The rise of cryptocurrency is presenting applicants and the courts with new challenges when it comes to defining the scope of freezing orders. Two issues in particular have been considered in recent cases:

(1) Whether cryptocurrency constitutes property such as to fall within an asset class that can be subject to a freezing order.

(2) The high degree of secrecy provided by cryptocurrency and the challenges this can pose in identifying respondents and the location of the currency and in establishing the court’s jurisdiction.

In respect of the first issue, there is clear authority confirming that cryptocurrency is property under the common law and that this may be subject to freezing orders, including proprietary injunctions. This was the view taken by the court in AA v Persons Unknown and Ors, Re Bitcoin [2019] EWHC 3556, adopting a legal statement commissioned by the UK Jurisdiction Taskforce shortly beforehand, and subsequently in Ion Science Ltd v Persons Unknown and others (unreported, 21 December 2020 (Commercial Court)).

In the latter case, the court went on to consider its jurisdiction over persons unknown, where their location was not known, and the lex situs (or location) of a cryptoasset.

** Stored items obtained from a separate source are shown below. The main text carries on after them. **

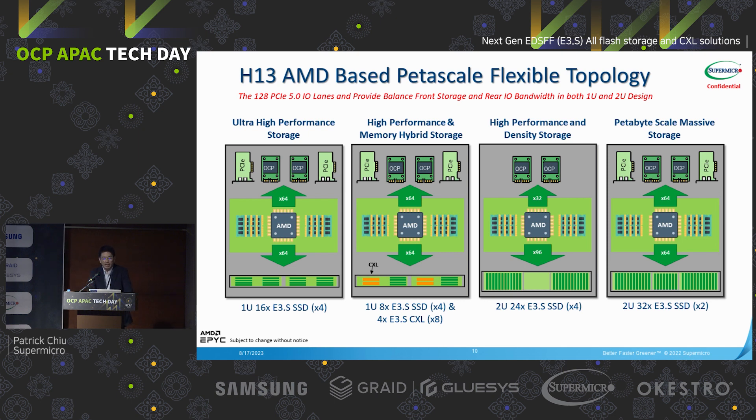With similar architecture, this is the AMD-based system. AMD leverages a single socket Genoa with 128 PCIe lanes. We still have the same architecture for the 1U system supporting up to 16 E3 SSDs, or full CXL plus 8 E3 SSDs. In the 2U side, we can support 2U 24 SSDs at x4 and redirect rear-side Gen5 signals to the front. The right-hand option is the PV SSD co-designed with Samsung, ensuring balance with 32 x2 SSDs — 64 PCIe lanes to the SSD and 64 PCIe lanes to the networking.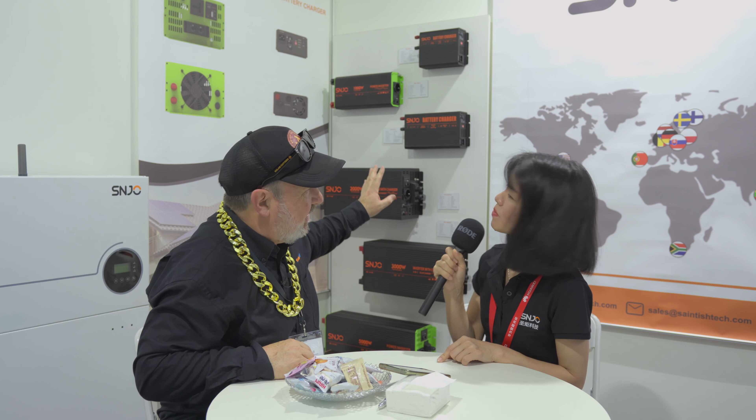What is the capacity of this one? 2560 watt hours. Now the ones with the orange are battery chargers, but the ones with the greens are inverter chargers. So they can create power and charge the battery — all in one. Exactly.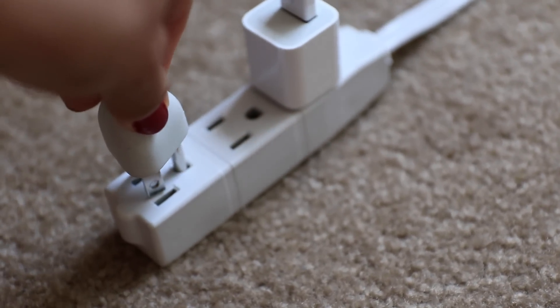Going to study at the library with a group of friends? You should probably bring a power strip with you, because it's really hard to find an outlet where you and your friends can all sit and study together. If you bring one, you ensure that everyone can sit together and study at the same time.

It considered that there was a serious issue to be tried that the lex situs was the place where the person or company who owned it was domiciled. Here, the court considered that:

(1) the alleged fraud had occurred within the jurisdiction in view of representations made, transfers of funds and remote access that had been gained to the second applicant’s computer; and

(2) it related to Bitcoin that was, or had been, within the jurisdiction.

A similar approach was adopted in Ltd and another company v Persons Unknown Category A and others [2021] EWHC 2254 (Comm), where the court developed further the jurisprudence regarding defining persons unknown. Rejecting the first respondent’s original proposal to define persons unknown as too wide ranging, the court said that three categories of person should be identified in the order: those who were involved in the fraud; those who had received assets without having paid a full price for them; and innocent receivers. The court emphasised the importance of maintaining a careful focus on what relief was being sought against each category, limiting the relief available against innocent receivers in particular to those assets which they either knew, or ought reasonably to have known, belonged to the claimant or did not belong to them.

These represent but some of the issues that will confront applicants. Careful thought will need to be given to the information sought from respondents, including details of the relevant cryptocurrency wallets, as well as the volatility of cryptocurrency and the exposure this can present to the applicant when giving an undertaking in damages. While helpful jurisprudence has already developed on some issues, others remained to be examined by the courts, and it is likely that such a rapidly developing area will continue to pose novel issues for applicants and judges.